Retype the data below verbatim; pictures do not belong in the copy.

===== Information provided

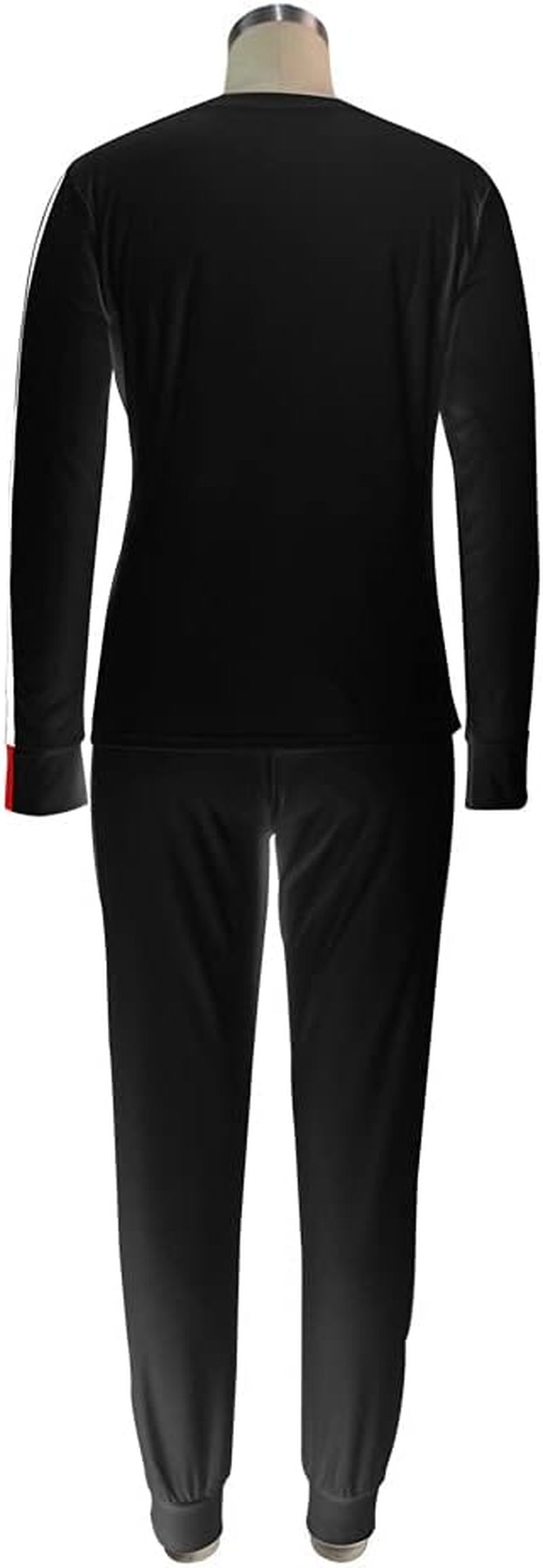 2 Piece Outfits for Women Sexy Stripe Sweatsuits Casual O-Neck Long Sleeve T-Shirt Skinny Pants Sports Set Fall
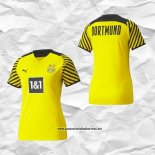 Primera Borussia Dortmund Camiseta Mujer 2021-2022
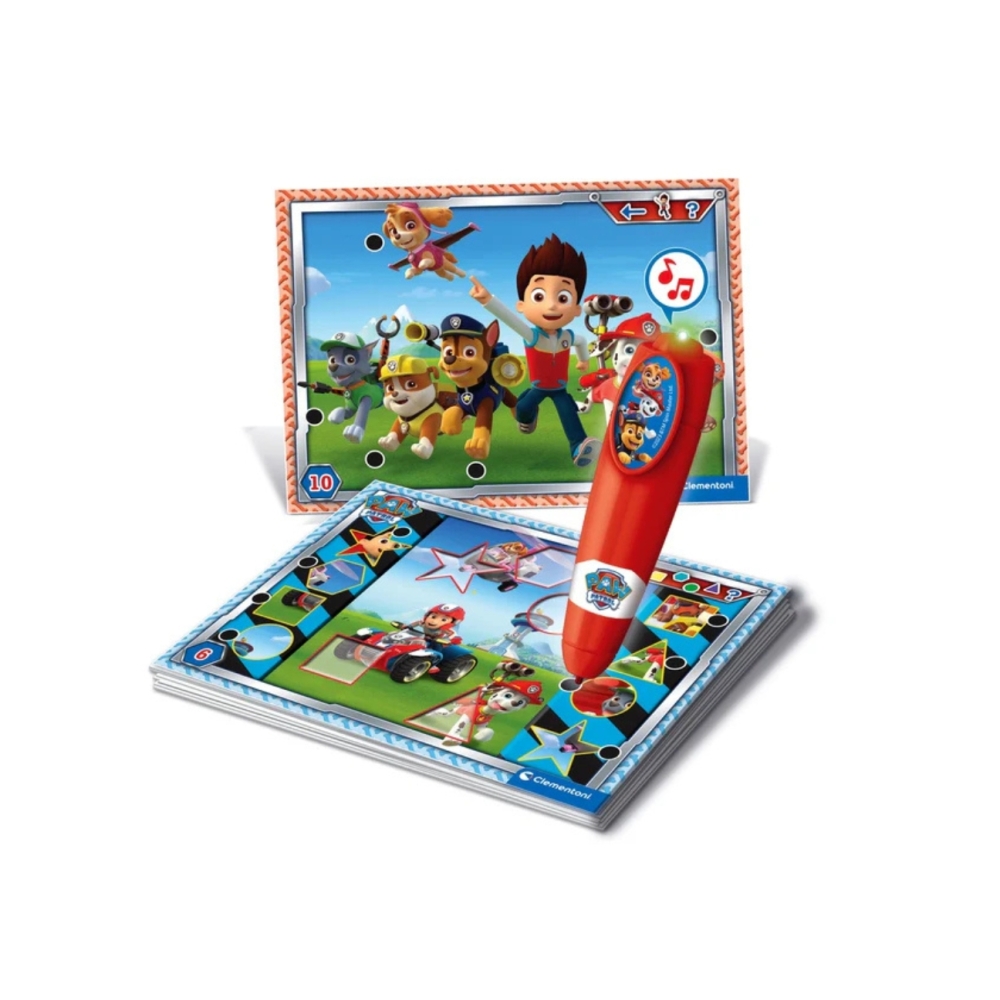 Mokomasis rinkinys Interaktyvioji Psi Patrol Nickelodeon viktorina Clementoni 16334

==========

### [Reply]
 2 Piece Outfits for Women Sexy Stripe Sweatsuits Casual O-Neck Long Sleeve T-Shirt Skinny Pants Sports Set Fall
 Primera Borussia Dortmund Camiseta Mujer 2021-2022
 Mokomasis rinkinys Interaktyvioji Psi Patrol Nickelodeon viktorina Clementoni 16334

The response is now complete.